In the MIVD group, we achieved drainage by the MIVD device described above. After the device was assembled and successfully put into the patient's body (Fig. 3), we sutured the incision closely. Postoperative continuous vacuum drainage and internal irrigation were established as described in below: (1) the drainage tube was connected with a negative pressure device (maintained at the pressure of 150-200 kPa) to provide a vacuum drainage environment; (2) large amounts of normal saline was infused into the abscess cavity constantly (3000ml a day, 125ml an hour) through the external irrigation tube’s closing cap, allowing for continuous irrigation; (3) by manually infusing 100ml normal saline once 2-3 days through the internal irrigation tube’s closing cap, the drainage tube was internally irrigated and prevented from blockage by purulence and debris; (4) irrigation and drainage volume was checked every 12 hours to keep the irrigation-drainage balanced. 

In the traditional group, drainage was established by a semi rubber tube and the incision was intermittently sutured. The drainage was gravity-dependent. Manual irrigation of normal saline by clinicians was required daily, usually 1-2 times a day, according to the amount and characteristics of the drainage fluid. Indications of drainage removal for both groups included: (1) no purulence was observed in the drainage fluid; (2) the patient’s postoperative white blood cell count and C-reactive protein had approached normal levels.

2.4 Variables

We recorded and collected the demographic data and treatment outcome variables from all the patients involved. Baseline characteristics included age, gender, systemic diseases, history of diabetes, tobacco use, number of the infected spaces, and preoperative white blood cell count and C-reactive protein. Treatment outcome variables included number and frequency of manual irrigation by clinicians (MIC), time required for white blood cell count to return to normal levels (TWBC), time required for C-reactive protein to return to normal levels (TCRP) and length and total cost of hospitalization and antibiotics use.

2.5 Statistical analysis

Numerical variables were presented as mean ± standard deviation, while categorical variables were expressed in absolute numbers. After checking the normal distribution and the homogeneity of the variance, statistical comparisons between the MIVD group and the traditional group were carried out via the Pearson Chi-square test and the Student t-test. Statistical differences were considered significant when p<0.05. All the data was analyzed by software SPSS 21.0 (IBM Analytics, Armonk, NY). 

3 Results

The baseline characteristics of patients in the MIVD group and traditional group are shown in Table 1. There were no significant differences in age, gender, systemic diseases, history of diabetes, tobacco use, number of the infected spaces, preoperative white blood cell count and C-reactive protein between the two groups (p>0.05). Patients in both groups were eventually cured.

The results of the treatment outcome variables are presented in Fig. 4. We assessed the clinician’s workload by the number and frequency of MIC. As is shown in the Fig. 4A and Fig. 4B, the number and frequency of MIC in the MIVD group (4.97±1.90 times, 0.37±0.12 times a day) were significantly lower than those in the traditional group (23.31±9.78 times, 1.76±0.78 times a day). The differences between the two groups were statistically significant (p<0.05).

TWBC and TCRP of the MIVD group were 6.06±2.33 days and 8.48±2.81 days, while those of the traditional group were 8.31±3.08 days and 11.06±3.58 days, as are described in Fig. 4C and Fig. 4D. The results showed that TWBC and TCRP of the MIVD group were significantly shorter than those of the traditional group (p<0.05).

Antibiotics use was less in the patient of the MIVD group than the traditional group (Fig. 4E and Fig. 4G). The length and total cost of antibiotics use in MIVD group were 11.45±2.62 days and 3418.85±1776.23¥, significantly less in comparison with 13.18±3.01 days and 4433.53±1936.88¥in the traditional group (p<0.05).

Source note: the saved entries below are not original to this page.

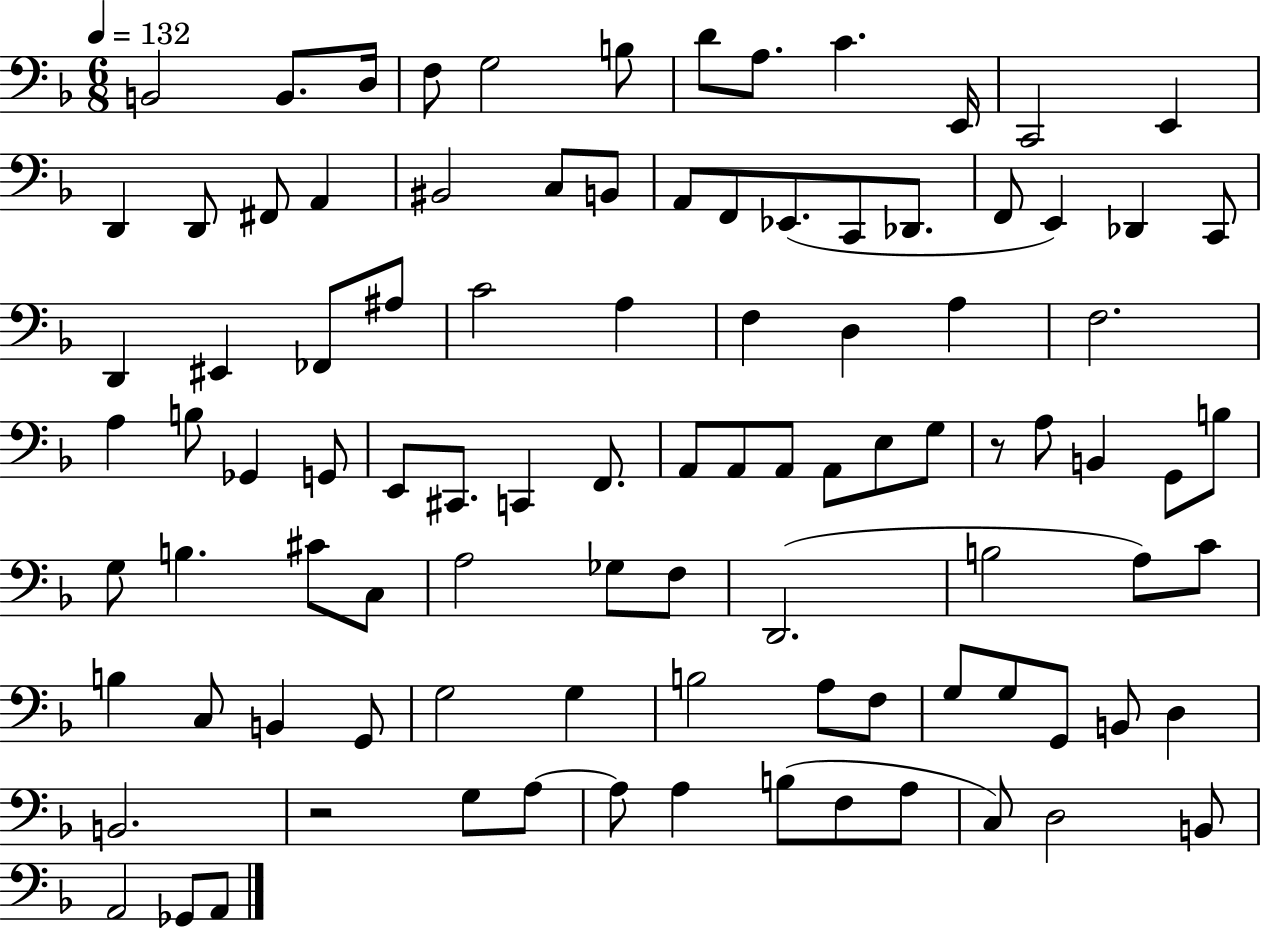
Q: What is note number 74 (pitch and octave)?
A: B3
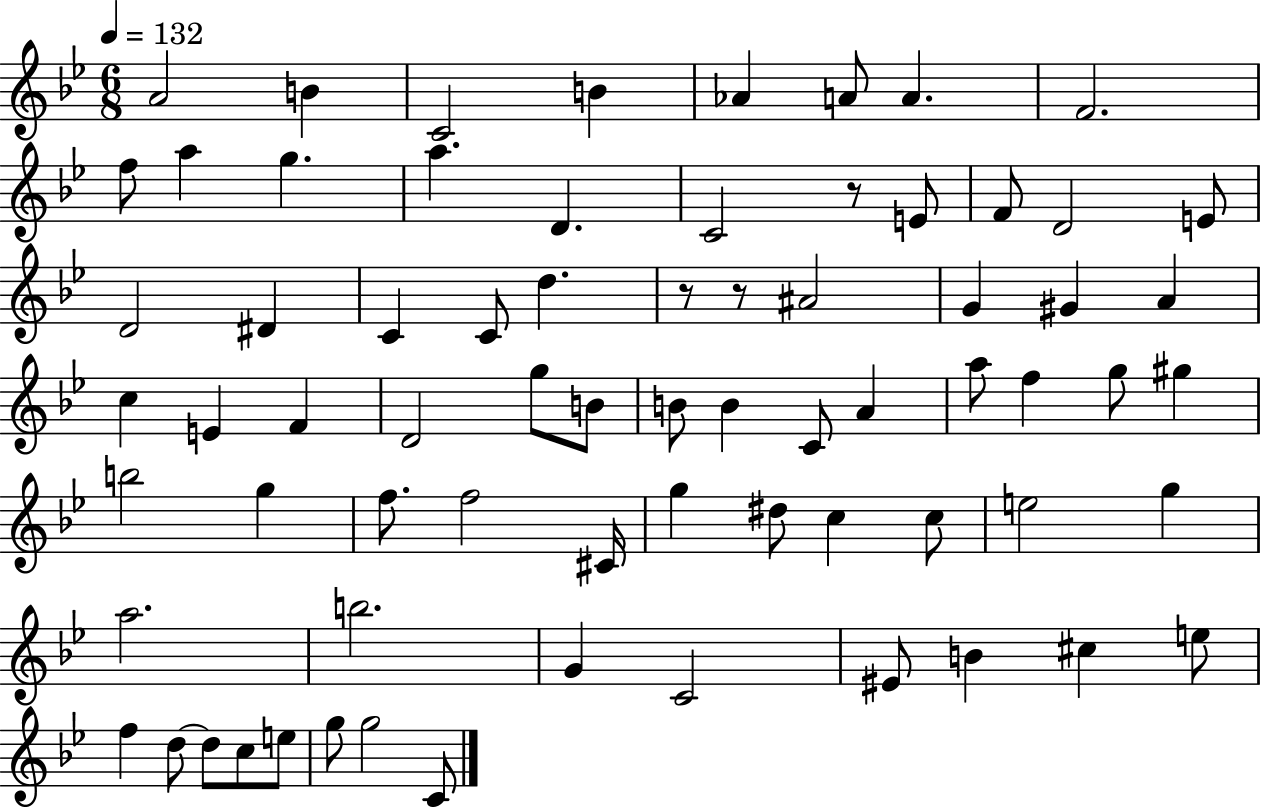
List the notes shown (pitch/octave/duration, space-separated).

A4/h B4/q C4/h B4/q Ab4/q A4/e A4/q. F4/h. F5/e A5/q G5/q. A5/q. D4/q. C4/h R/e E4/e F4/e D4/h E4/e D4/h D#4/q C4/q C4/e D5/q. R/e R/e A#4/h G4/q G#4/q A4/q C5/q E4/q F4/q D4/h G5/e B4/e B4/e B4/q C4/e A4/q A5/e F5/q G5/e G#5/q B5/h G5/q F5/e. F5/h C#4/s G5/q D#5/e C5/q C5/e E5/h G5/q A5/h. B5/h. G4/q C4/h EIS4/e B4/q C#5/q E5/e F5/q D5/e D5/e C5/e E5/e G5/e G5/h C4/e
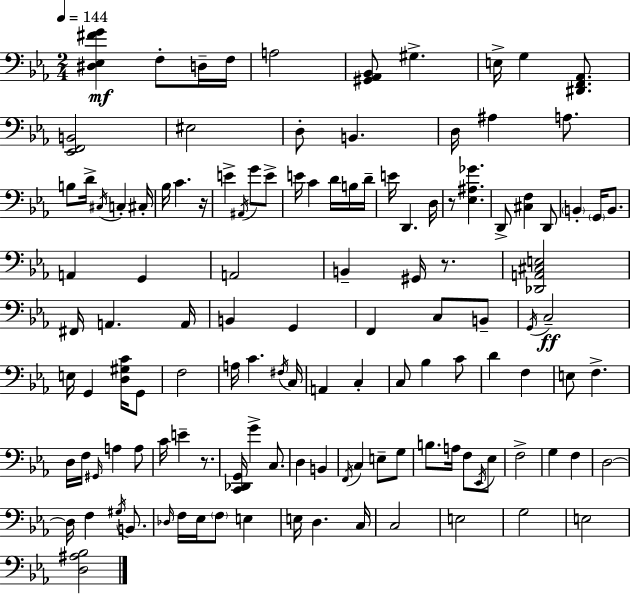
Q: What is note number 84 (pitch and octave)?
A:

The length of hospitalization of the MIVD group was 11.97±2.66 days, shorter than 13.72±2.30 days of the traditional group (p<0.05) (Fig. 4F). However, there was no significant difference in the cost of hospitalization between the 2 groups (27807.17±13532.01¥ versus 32094.57±19307.15¥, p>0.05) (Fig. 4H).

4 Discussion

Deep fascial space infection in the head and neck is a common clinical problem which may lead to fatal outcomes. The majority of deep fascial space infections in the head and neck can be originated from odontogenic infections [15, 16]. However, patients are easily inclined to overlook the importance of seeking medical help during the early stages, resulting in severe consequences [2-8]. In scenarios where the infections are located in the lower head and upper cervical region, the patient’s life could be threatened within minutes by airway obstruction [9]. Therefore, once the pus cavity is formed, prompt surgical drainage establishment is imperative to remove purulence and provide a healing environment.

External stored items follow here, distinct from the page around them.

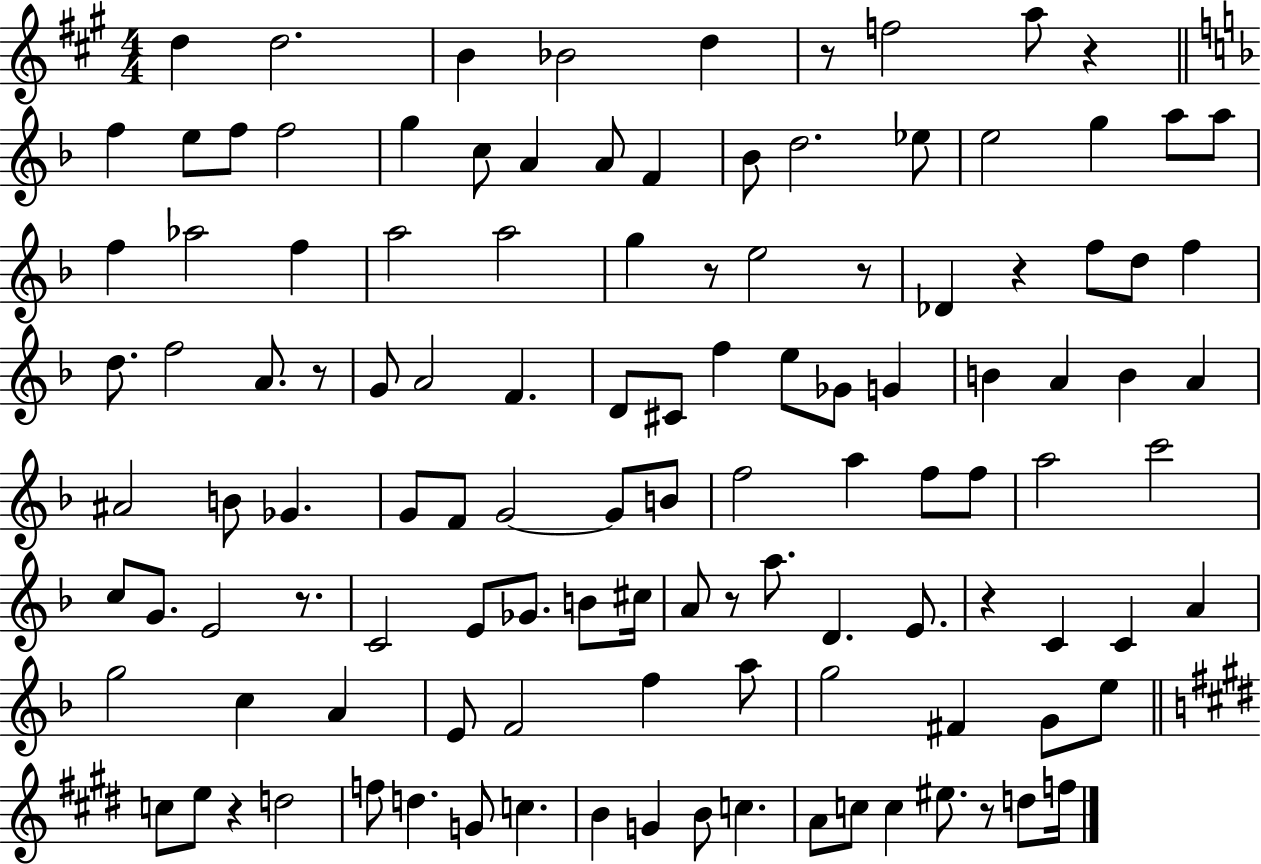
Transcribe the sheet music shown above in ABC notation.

X:1
T:Untitled
M:4/4
L:1/4
K:A
d d2 B _B2 d z/2 f2 a/2 z f e/2 f/2 f2 g c/2 A A/2 F _B/2 d2 _e/2 e2 g a/2 a/2 f _a2 f a2 a2 g z/2 e2 z/2 _D z f/2 d/2 f d/2 f2 A/2 z/2 G/2 A2 F D/2 ^C/2 f e/2 _G/2 G B A B A ^A2 B/2 _G G/2 F/2 G2 G/2 B/2 f2 a f/2 f/2 a2 c'2 c/2 G/2 E2 z/2 C2 E/2 _G/2 B/2 ^c/4 A/2 z/2 a/2 D E/2 z C C A g2 c A E/2 F2 f a/2 g2 ^F G/2 e/2 c/2 e/2 z d2 f/2 d G/2 c B G B/2 c A/2 c/2 c ^e/2 z/2 d/2 f/4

Current traditional drainage method is passive and gravity-dependent. Penrose drain and its alternatives are some of the most frequently used forms of traditional drains [10, 17]. This method requires heavy workload of clinicians and lacks the ability to provide continuous purulence removal. The patient often needs relatively large amount of antibiotics and long length of hospitalization. Compared with the traditional method, our modified MIVD device provides better drainage and irrigation after surgical treatment for patients suffer from odontogenic deep fascial space infection, especially for those whose infections are located in the lower head and upper cervical region. 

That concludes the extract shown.